Information provided
···
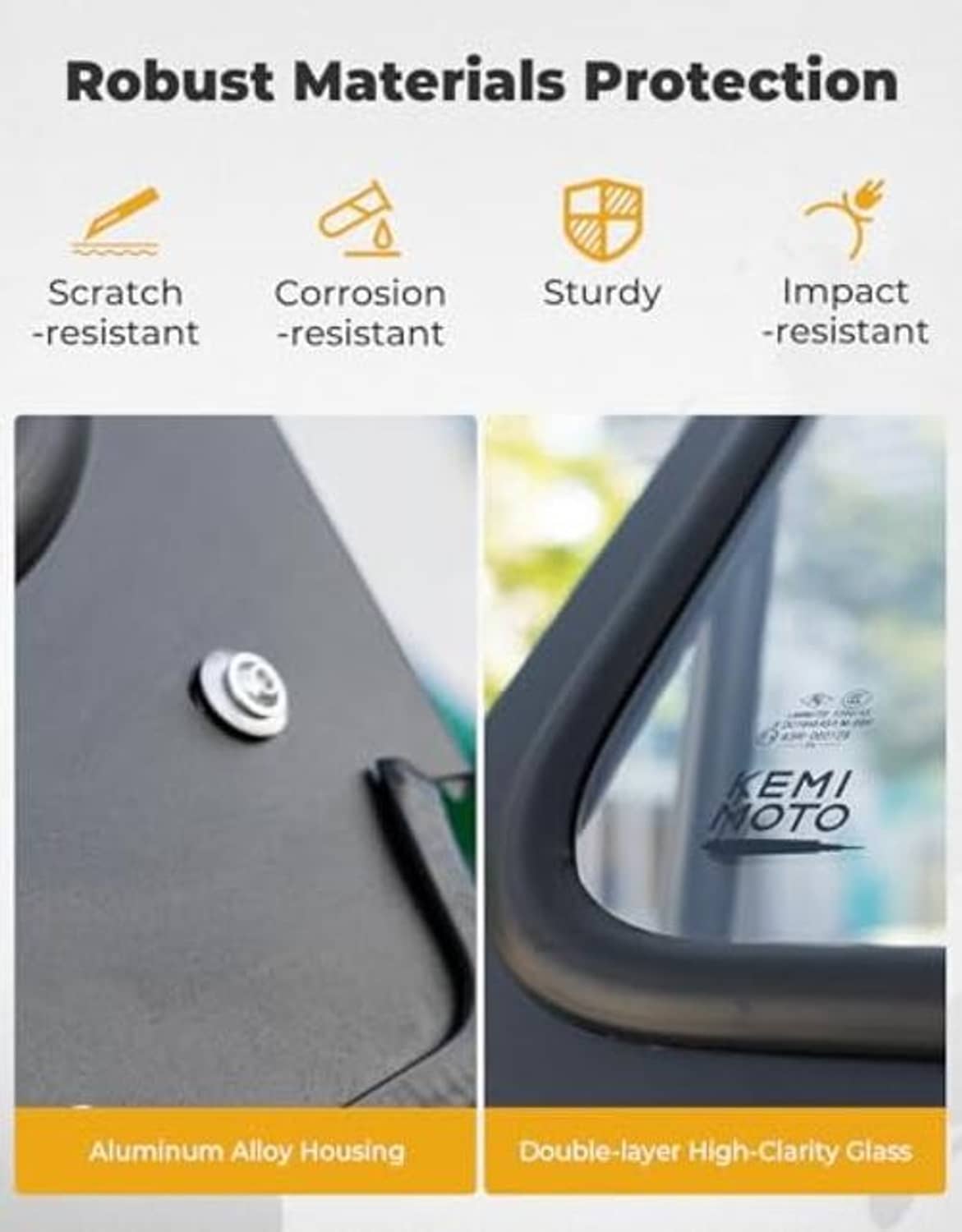 Black windshield with smooth frame and clear double-layer glass panel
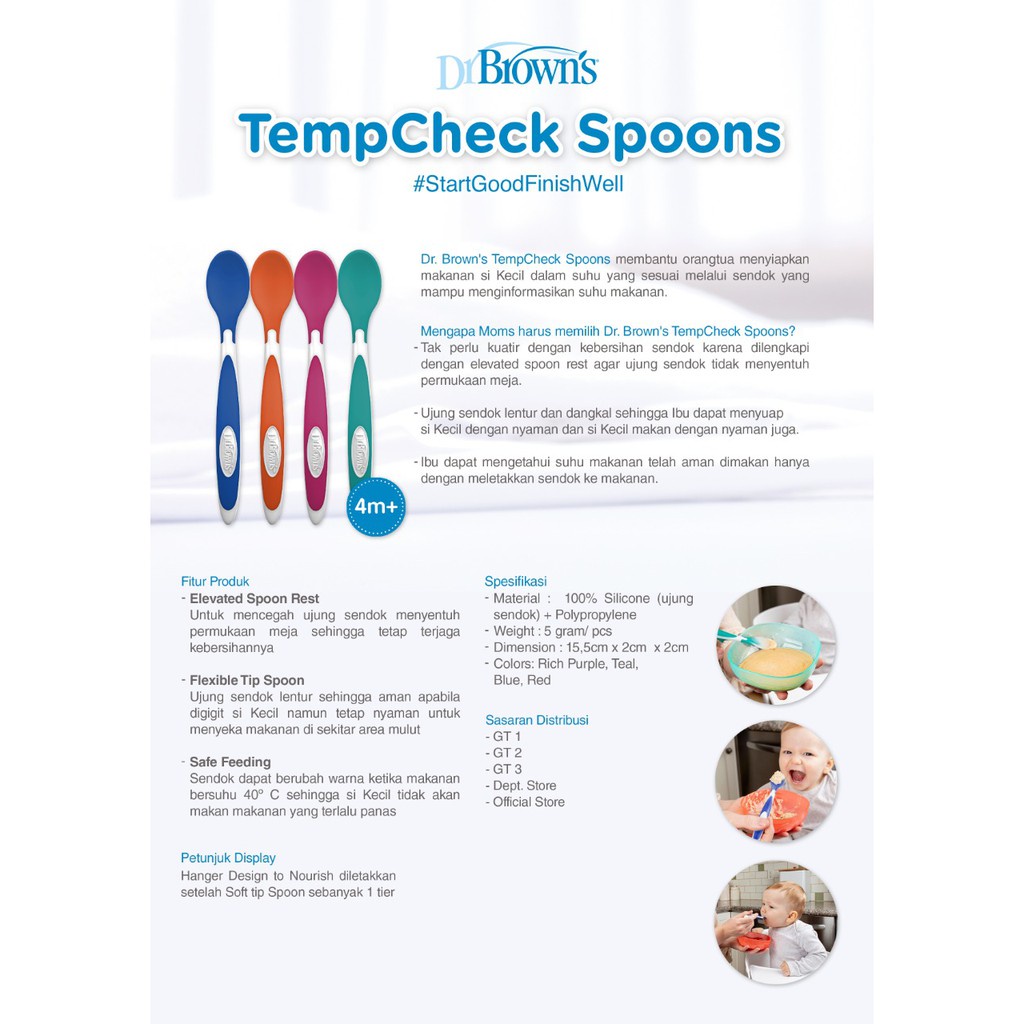 DR BROWNS TEMPCHECK SPOONS / SENDOK MAKAN ANAK/ SENDOK / SENDOK BAYI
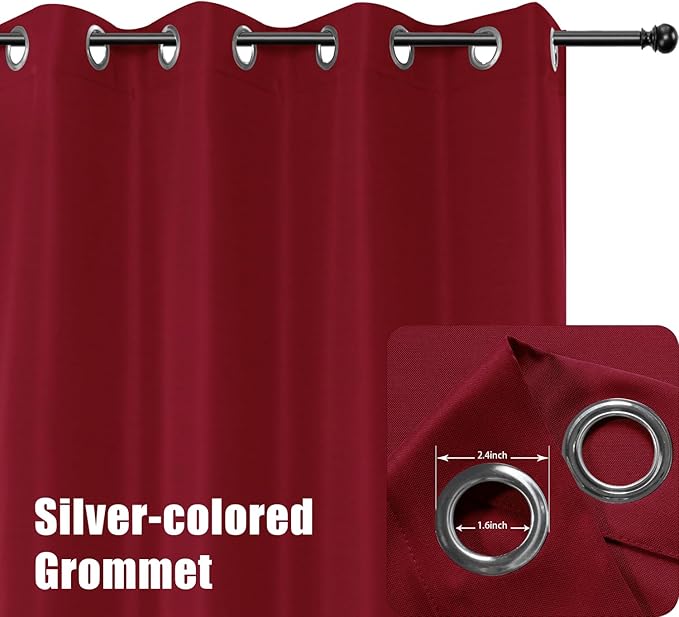 BONZER Extra Wide Waterproof Outdoor Curtains for Patio Heavy Privacy Light Filtering Grommet Outside Curtains for Porch, Pergola, Gazebo, 1 Panel, 150W x 84L inch, Red Bonzer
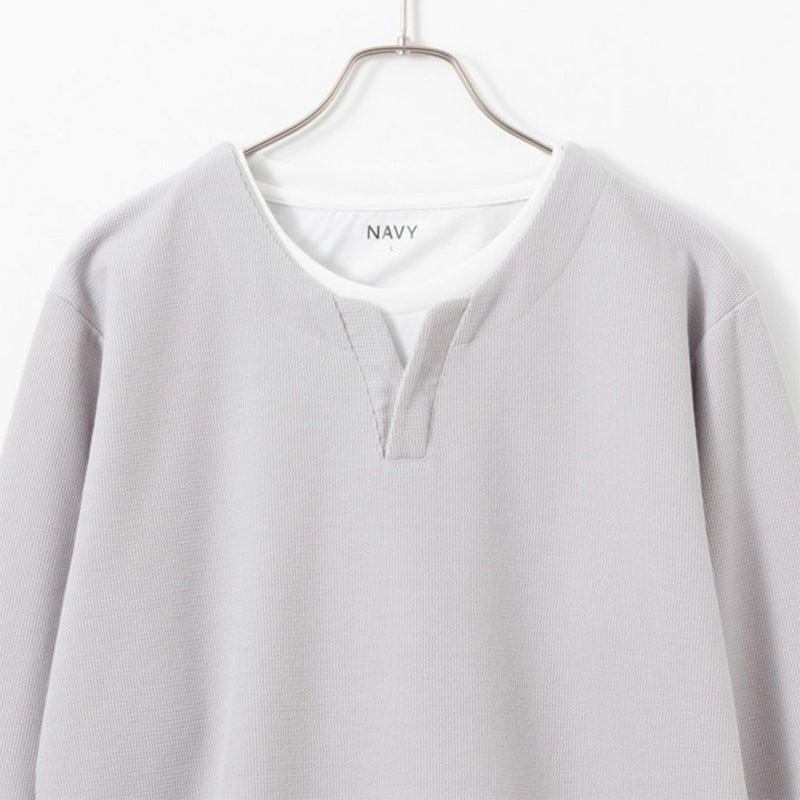 NAVY カノコキーネックレイヤード長袖Tシャツ メンズ商品画像-6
···
Activity
Print every line above exactly as given, but not the pictures.

Answer area
 Black windshield with smooth frame and clear double-layer glass panel
 DR BROWNS TEMPCHECK SPOONS / SENDOK MAKAN ANAK/ SENDOK / SENDOK BAYI
 BONZER Extra Wide Waterproof Outdoor Curtains for Patio Heavy Privacy Light Filtering Grommet Outside Curtains for Porch, Pergola, Gazebo, 1 Panel, 150W x 84L inch, Red Bonzer
 NAVY カノコキーネックレイヤード長袖Tシャツ メンズ商品画像-6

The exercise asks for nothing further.